There are three main areas: CPU, GPU and various accelerators, esp. for video. For each of those categories the Ultra has more.
CPU: Multi-core CPU scalability is a classic problem often described as "Amdahl's Law". A tiny fraction of serializable code will rapidly limit multi-core scalability. You might think if an algorithm is 75% parallel that's good. In fact that will mean going from 10 cores to 20 cores will have limited improvement. That is not unique to Apple Silicon but applies on any multi-core CPU. So Ultra (or any high-core-count CPU) requires more work from the programmer to effectively harness the available cores:
https://en.wikipedia.org/wiki/Amdahl's_law
GPU: In theory GPU should be the most scalable since the hardware and software was designed from the outset for parallel use. However as GPU core counts increase more attention is needed to obtain best scalability. This was discussed in the WWDC20 talk 10159, "Scale compute workloads across Apple GPUs". Areas that might need attention are serialization between CPU and GPU, improving memory locality, and monitoring new XCode performance counters such as MMU TLB Miss Rate:
https://developer.apple.com/videos/play/wwdc2022/10159/
Video accelerators: The Ultra has double the number of video accelerators as Max: 2 decode engines, 4 encode engines and 4 ProRes encode/decode engines. For the programmer to harness that full capability in parallel would require significant work, and for some codecs it might not be possible.

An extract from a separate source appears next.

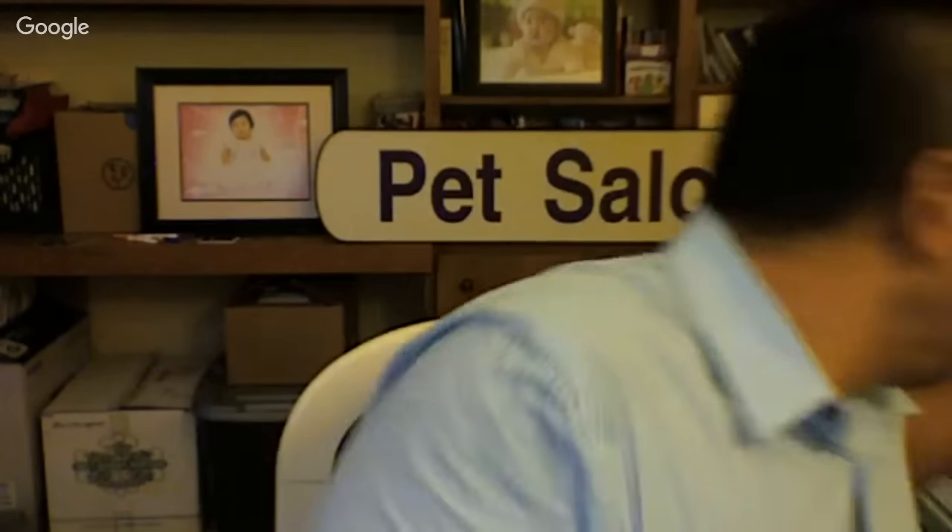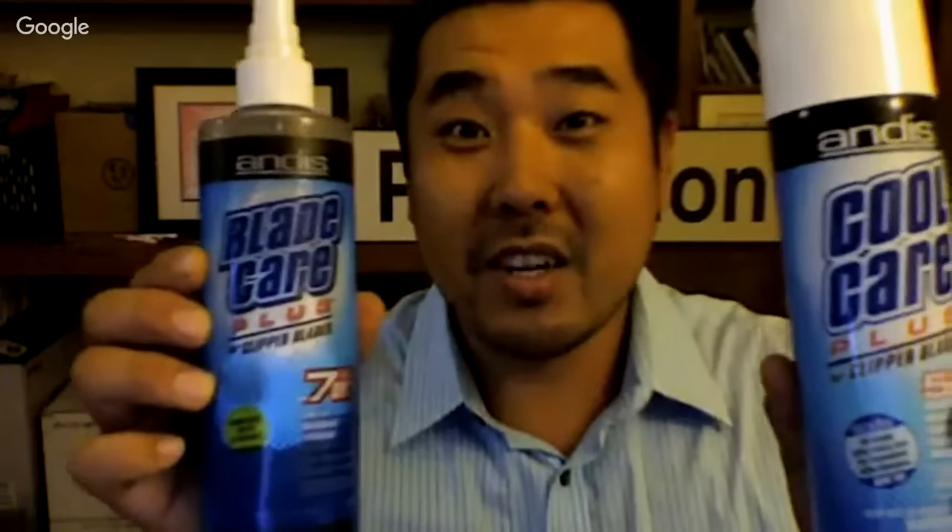About the previous groomer burning the dog's neck with blades - it could have been the blade, but a lot of groomers don't clean their clipper blades during grooms, between dog to dog. Even when you're switching blades while working on the same dog, cool it down and lubricate it. There are also other oils and lubricants you can use.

Right now Apple Compressor can automatically segment a ProRes input file to separate fragments and use multiple processes (each theoretically using a separate accelerator), then it concatenates the segments for final output. However there is currently limited scalability from this. It is not bottlenecked on CPU, GPU or I/O, so there is some internal limit.
For Long GOP codecs in theory those using independent or closed GOPs (which don't reference others) could possibly be segmented and likewise processed in parallel. The accelerator hardware would not know the difference. However anytime you split an interframe codec it is risky. That is essentially equivalent to utilities that do "no encode" trimming, which historically has been problematic for Long GOP formats.

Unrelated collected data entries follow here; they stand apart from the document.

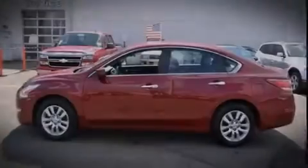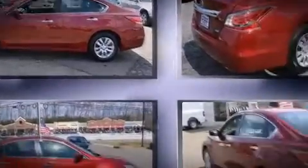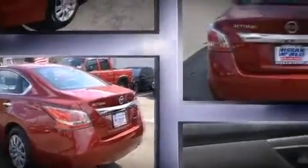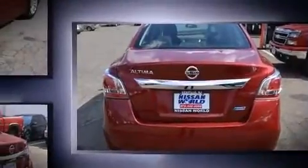Sensibility and practicality define the 2014 Nissan Altima. This four-door, five-passenger sedan still has fewer than 5,000 miles. Smooth gear shifts are achieved thanks to the efficient four-cylinder engine, and for added security, Dynamic Stability Control supplements the drivetrain.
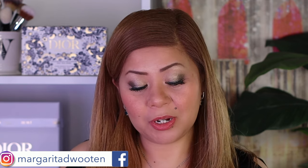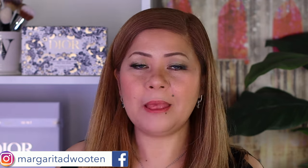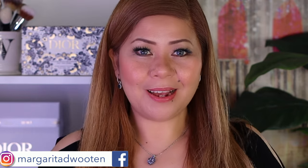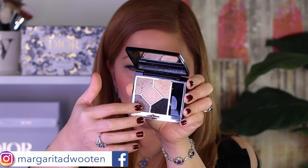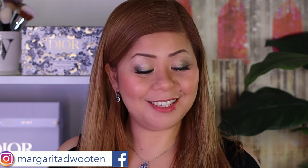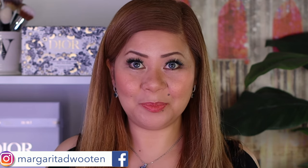My goal is to create a wearable look, but this black shade — if you add it to the outer corner and cross it here — becomes a full-blown smoky eye. That's why I love this palette: you can wear just three of these colors and have a very wearable look, like what I'm doing right now. It's a little smoky but still very nice. I also want that antique gold on my lower lash line — it's so pretty.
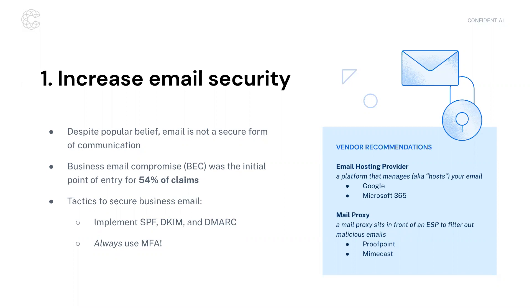In order to prevent spoofing of an email domain, there are three different protocols we recommend: SPF, DKIM, and DMARC. And the single-handedly most important takeaway from today is to use multi-factor authentication on your email account.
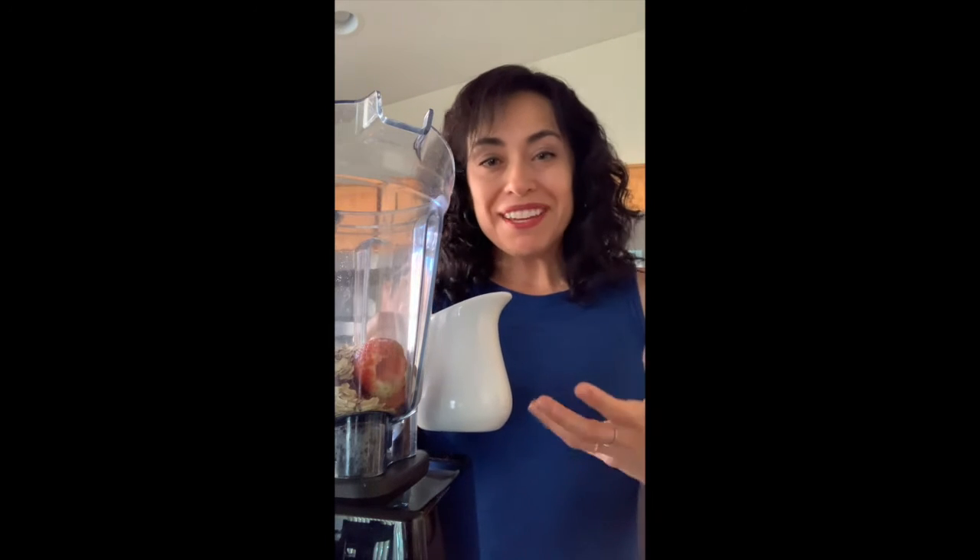I'm adding in one cup of low-fat milk — I'm using one percent. You can use two percent if you have it; it adds a little more creaminess and texture. Whole milk works too. I'm also going to show you that you can add in plant-based milk. If you don't tolerate cow's milk or it's not your preference, you can use soy milk, almond milk, rice milk, oat milk — whatever milk you have.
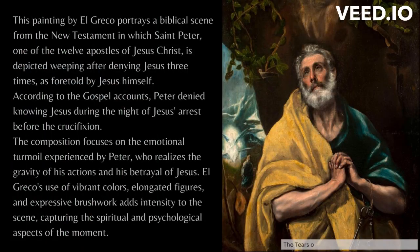This painting by El Greco portrays a biblical scene from the New Testament in which Saint Peter, one of the Twelve Apostles of Jesus Christ, is depicted weeping after denying Jesus three times, as foretold by Jesus himself. According to the Gospel accounts, Peter denied knowing Jesus during the night of Jesus' arrest before the crucifixion. The composition focuses on the emotional turmoil experienced by Peter, who realizes the gravity of his actions and his betrayal of Jesus. El Greco's use of vibrant colors, elongated figures, and expressive brushwork adds intensity to the scene, capturing the spiritual and psychological aspects of the moment.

Already it appears the multiple decoders on M1 Ultra are being used for multi-stream input, e.g, multicam. Unlike the single-file case, decoding multiple input files in parallel avoids the Long GOP segmentation risk. FCP is significantly smoother on M1 Ultra than M1 Max when reading Four-camera multicam composed of 4k H264. Both of those cases are not limited by CPU, GPU or I/O, so that implies the additional video decoders are being used.
It's a complex area of finding bottlenecks, examining what causes each one then assessing what is needed to improve it. With the end of Dennard Scaling around 2006 (
https://en.wikipedia.org/wiki/Dennard_scaling), each CPU core cannot keep getting faster from clock rate. That leaves more incremental per-core improvements from IPC, but mainly programmers must learn to use increased parallelism and specific hardware accelerators. Software methods that scaled OK when going from 4 to 8 CPU cores may require more stringent study to go beyond that. Likewise prior methods which worked OK for a lower-end GPU may not scale to larger ones, so the programmer must study and optimize this.

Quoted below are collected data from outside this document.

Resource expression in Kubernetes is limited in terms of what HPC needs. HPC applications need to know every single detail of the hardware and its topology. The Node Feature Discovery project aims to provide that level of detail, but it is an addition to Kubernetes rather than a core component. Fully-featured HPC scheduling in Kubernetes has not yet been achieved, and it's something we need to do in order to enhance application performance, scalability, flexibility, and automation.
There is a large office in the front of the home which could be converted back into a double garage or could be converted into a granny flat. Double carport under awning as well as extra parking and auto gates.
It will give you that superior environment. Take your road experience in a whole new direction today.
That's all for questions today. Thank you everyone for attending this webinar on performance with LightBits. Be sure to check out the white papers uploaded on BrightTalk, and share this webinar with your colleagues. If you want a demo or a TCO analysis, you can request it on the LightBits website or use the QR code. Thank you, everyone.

Traditionally there has only been a single video accelerator which was shared among all CPU cores. E.g, for most Intel CPUs there is only a single Quick Sync accelerator that's shared among all cores. That implies a simple programming model where all threads serialize waiting on Quick Sync. If after years of programmers doing it that way, multiple accelerators become available, a lot more thought is required to use those in parallel without concurrency bugs.